─── Provided records ───

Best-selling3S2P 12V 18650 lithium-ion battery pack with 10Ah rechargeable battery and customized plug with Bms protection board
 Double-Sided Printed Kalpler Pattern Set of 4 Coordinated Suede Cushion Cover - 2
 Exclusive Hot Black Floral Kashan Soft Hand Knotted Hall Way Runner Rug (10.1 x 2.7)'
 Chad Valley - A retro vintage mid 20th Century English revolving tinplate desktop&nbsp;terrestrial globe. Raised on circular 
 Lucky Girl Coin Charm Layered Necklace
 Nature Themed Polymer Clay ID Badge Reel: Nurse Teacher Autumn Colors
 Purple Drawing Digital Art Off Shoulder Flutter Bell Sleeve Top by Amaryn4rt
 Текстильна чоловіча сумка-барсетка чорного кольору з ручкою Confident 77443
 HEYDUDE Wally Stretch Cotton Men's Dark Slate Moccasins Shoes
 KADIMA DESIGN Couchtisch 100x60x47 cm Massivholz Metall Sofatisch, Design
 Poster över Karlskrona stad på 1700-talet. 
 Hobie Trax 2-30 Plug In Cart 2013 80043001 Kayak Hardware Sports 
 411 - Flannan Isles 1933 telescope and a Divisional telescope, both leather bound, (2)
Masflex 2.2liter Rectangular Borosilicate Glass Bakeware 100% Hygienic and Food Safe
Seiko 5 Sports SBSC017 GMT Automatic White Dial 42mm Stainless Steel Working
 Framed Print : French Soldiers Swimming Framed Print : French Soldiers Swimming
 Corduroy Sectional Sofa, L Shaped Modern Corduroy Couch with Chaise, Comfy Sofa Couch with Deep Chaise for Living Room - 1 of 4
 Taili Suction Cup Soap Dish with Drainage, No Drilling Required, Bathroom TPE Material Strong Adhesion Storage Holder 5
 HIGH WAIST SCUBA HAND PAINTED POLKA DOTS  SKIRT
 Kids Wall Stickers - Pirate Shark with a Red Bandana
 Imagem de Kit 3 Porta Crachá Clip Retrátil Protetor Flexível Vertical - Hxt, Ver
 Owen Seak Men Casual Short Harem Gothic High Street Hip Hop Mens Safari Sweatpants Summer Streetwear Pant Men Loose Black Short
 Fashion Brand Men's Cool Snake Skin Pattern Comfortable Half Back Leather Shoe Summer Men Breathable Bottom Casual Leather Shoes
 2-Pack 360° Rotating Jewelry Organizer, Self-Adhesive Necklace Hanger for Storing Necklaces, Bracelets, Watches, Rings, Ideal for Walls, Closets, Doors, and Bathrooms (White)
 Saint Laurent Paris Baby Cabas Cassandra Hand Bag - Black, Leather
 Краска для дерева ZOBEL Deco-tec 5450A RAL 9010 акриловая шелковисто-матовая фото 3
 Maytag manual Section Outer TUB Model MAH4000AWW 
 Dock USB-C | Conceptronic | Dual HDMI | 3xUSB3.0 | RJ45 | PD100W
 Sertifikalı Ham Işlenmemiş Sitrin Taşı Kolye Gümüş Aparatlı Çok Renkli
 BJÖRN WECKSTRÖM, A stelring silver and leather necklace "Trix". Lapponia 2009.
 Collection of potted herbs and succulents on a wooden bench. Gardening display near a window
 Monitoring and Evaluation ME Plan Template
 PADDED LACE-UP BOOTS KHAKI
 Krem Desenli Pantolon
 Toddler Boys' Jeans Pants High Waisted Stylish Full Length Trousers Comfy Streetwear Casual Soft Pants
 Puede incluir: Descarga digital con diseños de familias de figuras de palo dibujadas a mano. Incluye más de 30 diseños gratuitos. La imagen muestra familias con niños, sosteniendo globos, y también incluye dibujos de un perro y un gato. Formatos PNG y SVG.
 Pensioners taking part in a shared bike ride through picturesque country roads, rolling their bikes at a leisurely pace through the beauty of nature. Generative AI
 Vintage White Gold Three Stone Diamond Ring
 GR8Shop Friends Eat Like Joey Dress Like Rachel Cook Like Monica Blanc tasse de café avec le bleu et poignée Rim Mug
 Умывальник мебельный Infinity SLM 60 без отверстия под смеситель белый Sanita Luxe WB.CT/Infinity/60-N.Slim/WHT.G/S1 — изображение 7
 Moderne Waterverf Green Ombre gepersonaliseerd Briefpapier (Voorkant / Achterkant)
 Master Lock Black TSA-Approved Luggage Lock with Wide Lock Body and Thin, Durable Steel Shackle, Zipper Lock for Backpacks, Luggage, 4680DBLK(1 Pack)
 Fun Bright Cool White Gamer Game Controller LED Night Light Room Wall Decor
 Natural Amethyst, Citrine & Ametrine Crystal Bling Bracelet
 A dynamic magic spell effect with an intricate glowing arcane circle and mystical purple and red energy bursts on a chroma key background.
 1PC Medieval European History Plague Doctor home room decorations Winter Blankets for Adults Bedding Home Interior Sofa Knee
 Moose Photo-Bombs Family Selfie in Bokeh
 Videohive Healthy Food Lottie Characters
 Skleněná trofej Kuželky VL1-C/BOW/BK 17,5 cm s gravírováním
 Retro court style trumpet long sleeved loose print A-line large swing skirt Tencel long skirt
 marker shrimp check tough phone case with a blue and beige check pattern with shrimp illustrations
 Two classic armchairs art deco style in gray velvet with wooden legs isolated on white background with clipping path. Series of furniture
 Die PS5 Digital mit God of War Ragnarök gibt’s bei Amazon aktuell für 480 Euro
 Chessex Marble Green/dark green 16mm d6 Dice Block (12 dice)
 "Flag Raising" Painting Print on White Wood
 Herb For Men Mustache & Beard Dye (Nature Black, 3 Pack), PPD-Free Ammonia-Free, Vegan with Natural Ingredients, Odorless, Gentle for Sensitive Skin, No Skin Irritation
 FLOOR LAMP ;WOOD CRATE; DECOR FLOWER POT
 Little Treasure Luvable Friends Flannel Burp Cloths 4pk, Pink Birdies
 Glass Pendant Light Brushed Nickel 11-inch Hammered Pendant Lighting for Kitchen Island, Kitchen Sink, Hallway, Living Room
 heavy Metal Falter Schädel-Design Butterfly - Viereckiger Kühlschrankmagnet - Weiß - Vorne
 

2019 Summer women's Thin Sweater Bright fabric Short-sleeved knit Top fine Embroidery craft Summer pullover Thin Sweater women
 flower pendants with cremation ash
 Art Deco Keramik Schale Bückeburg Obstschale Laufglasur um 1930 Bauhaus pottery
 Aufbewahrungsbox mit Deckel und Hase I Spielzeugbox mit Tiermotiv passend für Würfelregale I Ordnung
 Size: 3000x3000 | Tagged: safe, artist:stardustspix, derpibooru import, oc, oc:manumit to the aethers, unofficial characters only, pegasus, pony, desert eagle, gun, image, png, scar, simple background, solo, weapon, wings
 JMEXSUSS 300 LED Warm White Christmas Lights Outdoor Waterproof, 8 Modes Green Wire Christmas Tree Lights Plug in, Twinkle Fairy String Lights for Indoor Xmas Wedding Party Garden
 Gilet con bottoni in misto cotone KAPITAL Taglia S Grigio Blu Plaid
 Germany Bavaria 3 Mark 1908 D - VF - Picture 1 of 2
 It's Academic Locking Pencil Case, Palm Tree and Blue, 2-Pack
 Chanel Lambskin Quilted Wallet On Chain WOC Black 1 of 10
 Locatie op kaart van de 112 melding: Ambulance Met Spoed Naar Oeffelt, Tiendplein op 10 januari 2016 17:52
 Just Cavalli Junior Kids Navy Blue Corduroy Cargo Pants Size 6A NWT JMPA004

───

Assigned task
Please give an exact copy of the lines above, beginning with the line containing "PADDED LACE-UP BOOTS KHAKI" and running through the line containing "Natural Amethyst, Citrine", and of no other lines.

Solution to this problem
 PADDED LACE-UP BOOTS KHAKI
 Krem Desenli Pantolon
 Toddler Boys' Jeans Pants High Waisted Stylish Full Length Trousers Comfy Streetwear Casual Soft Pants
 Puede incluir: Descarga digital con diseños de familias de figuras de palo dibujadas a mano. Incluye más de 30 diseños gratuitos. La imagen muestra familias con niños, sosteniendo globos, y también incluye dibujos de un perro y un gato. Formatos PNG y SVG.
 Pensioners taking part in a shared bike ride through picturesque country roads, rolling their bikes at a leisurely pace through the beauty of nature. Generative AI
 Vintage White Gold Three Stone Diamond Ring
 GR8Shop Friends Eat Like Joey Dress Like Rachel Cook Like Monica Blanc tasse de café avec le bleu et poignée Rim Mug
 Умывальник мебельный Infinity SLM 60 без отверстия под смеситель белый Sanita Luxe WB.CT/Infinity/60-N.Slim/WHT.G/S1 — изображение 7
 Moderne Waterverf Green Ombre gepersonaliseerd Briefpapier (Voorkant / Achterkant)
 Master Lock Black TSA-Approved Luggage Lock with Wide Lock Body and Thin, Durable Steel Shackle, Zipper Lock for Backpacks, Luggage, 4680DBLK(1 Pack)
 Fun Bright Cool White Gamer Game Controller LED Night Light Room Wall Decor
 Natural Amethyst, Citrine & Ametrine Crystal Bling Bracelet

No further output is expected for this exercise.